The Transparency Agreement also commits the two parties to ensure that administrative agencies apply fair, impartial, and reasonable procedures.
The United States and Mongolia recently signed an Agreement on Transparency in Matters Related to International Trade and Investment.
The agreement, among other things, provides for the publishing of Mongolia’s laws and regulations in English, which will make it easier for U.S. and other foreign enterprises to do business and invest in Mongolia. The Transparency Agreement also commits the two parties to ensure that administrative agencies apply fair, impartial, and reasonable procedures, and that persons affected by the decisions of administrative agencies have a right to appeal those decisions. Additional commitments address how to deal with bribery and corruption.
“This agreement represents an important milestone in the U.S.- Mongolia trade relationship,” said U.S. Trade Representative Michael Froman. Setting forth mutual commitments on transparency will help to improve and deepen the U.S.-Mongolia relationship and benefit both countries’ economies and businesses.
“Transparency,” said Ambassador Froman, “is critical to the proper and efficient functioning of the international trading system. Producers, suppliers, exporters, and investors need the predictability that comes with a clear understanding of the policies and practices that are going to be applied.”
During the signing ceremony, Ambassador Froman reiterated the importance of promoting trade cooperation through the U.S.-Mongolia Trade and Investment Framework Agreement, or TIFA. Signed in July 2004, TIFA created a United States-Mongolia Trade and Investment Council on Trade that considers a range of issues that include intellectual property rights, labor, environmental matters, non-tariff barriers, investment and transparency. Through the Council, the countries have established a dialogue to help remove impediments to trade between the U.S. and Mongolia.

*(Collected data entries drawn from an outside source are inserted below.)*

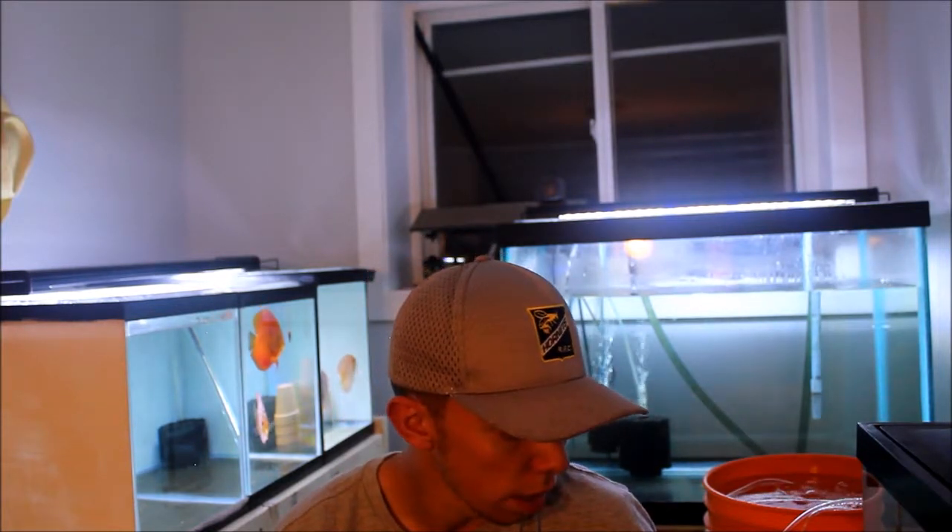Hey guys, Paul here from Paul's Discus. In this video, I'm going to be taking you on a tour of a local importer and breeder that's just about 15 minutes away from my house. I'm going to be showing you basically his basement — he does have a secluded fish room. You're going to be seeing each and every one of his tanks and I'm going to be getting the breeds or strains of each fish. In the background you'll notice my younger brother and my niece — they love fish just about as much as I do. So let's get right into it.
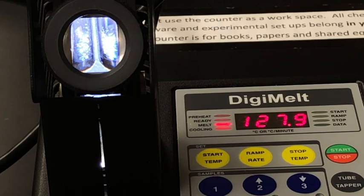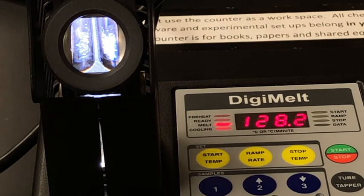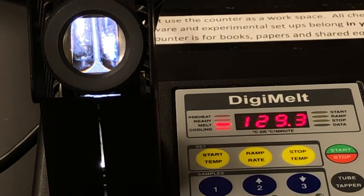I can definitely see a change in the solid — it looks like it's about to melt on the left side, which is our sample of aspirin. Once we start to see some liquid form we can write down the melting point of our sample. It's a little hard to see but liquid is forming, so we'll write down that initial melting point and wait for the rest of the sample to melt, then write down a final melting point so that we have a range.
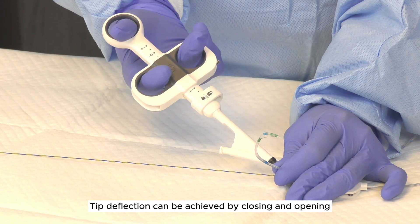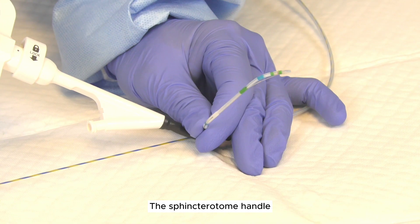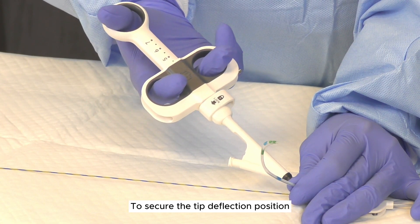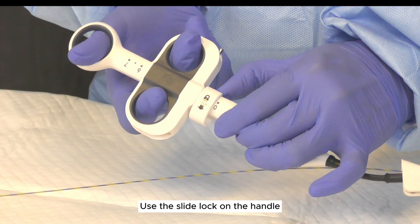Tip deflection can be achieved by closing and opening the sphincteratome handle. Tip deflection greater than 90 degrees is not recommended. To secure the tip deflection position, use the slide lock on the handle.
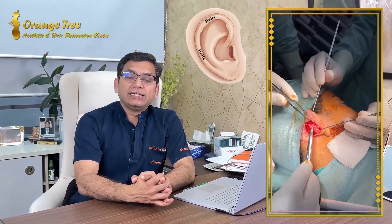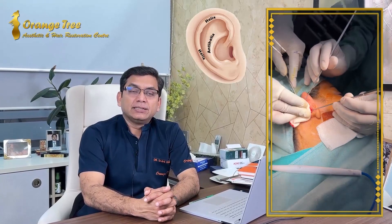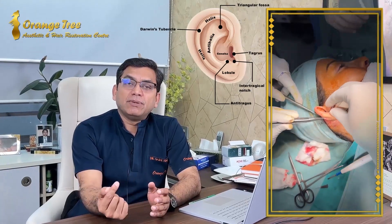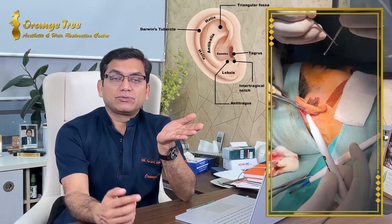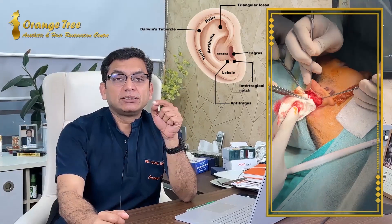Subperichondrially, we elevate the skin flap and try to identify the helical rim, preserving the root of the helix. The antihelix inferior and superior crura and the stem must also be preserved. Once we have identified these structures, we mark the antihelical rim by inserting a 26-gauge needle all along it to mark the posterior aspect of the cartilage, since we cannot see the anatomical structures from the posterior side. From the anterior side, we mark these important landmarks through the needle.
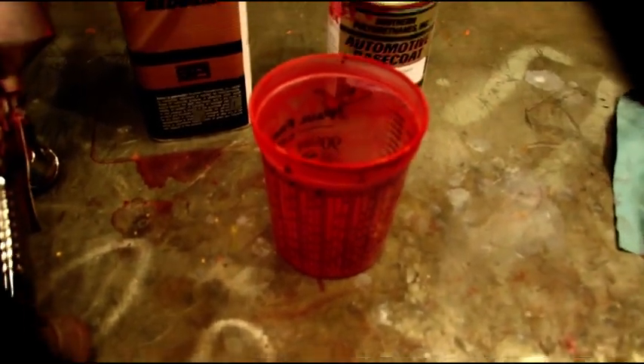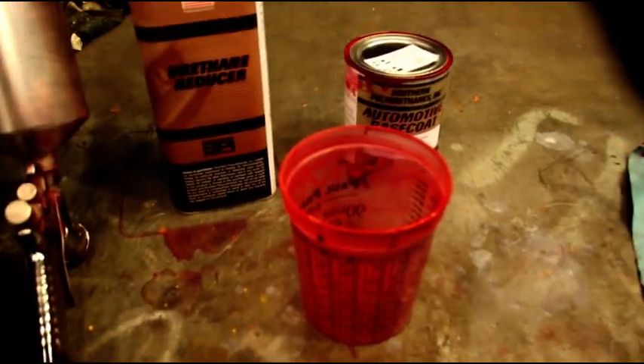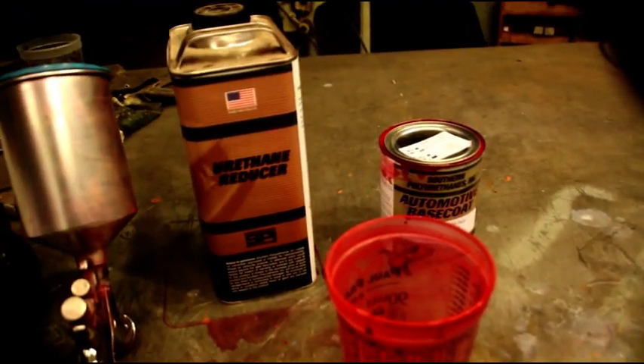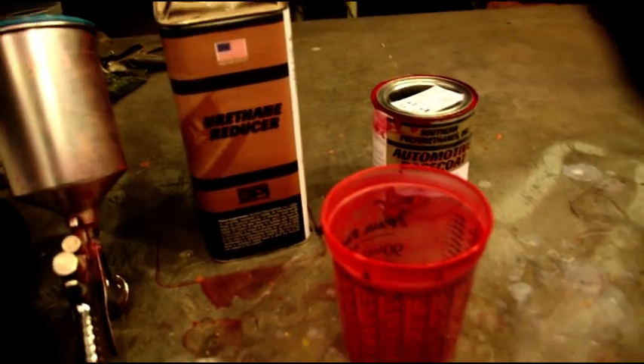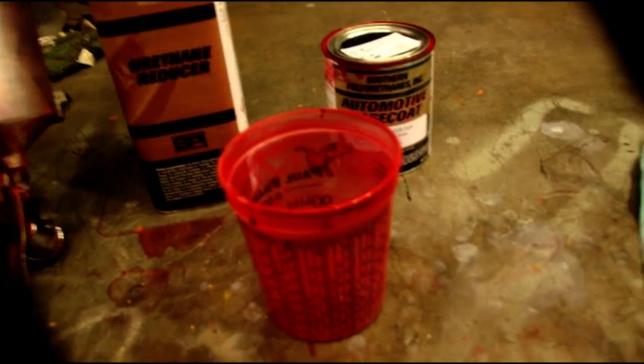Hey everybody, we're still working on that CJ5 grill and we want to try and get that finished up so we can put the radiator in and get that snow blower Jeep fired up. Yesterday before I went inside I finished with the red base color.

The U.S.-Mongolia trade relationship has seen impressive growth over the past few years. U.S. exports to Mongolia grew from $116 million in 2010 to more than $665 million in 2012, driven in large part by U.S. supplies and services to develop Mongolia's expanding mining sector. U.S. imports from Mongolia increased from $12 million in 2010 to $42 million in 2012.
Through this new transparency agreement, the United States looks forward to deepening its economic and trade relationship with Mongolia.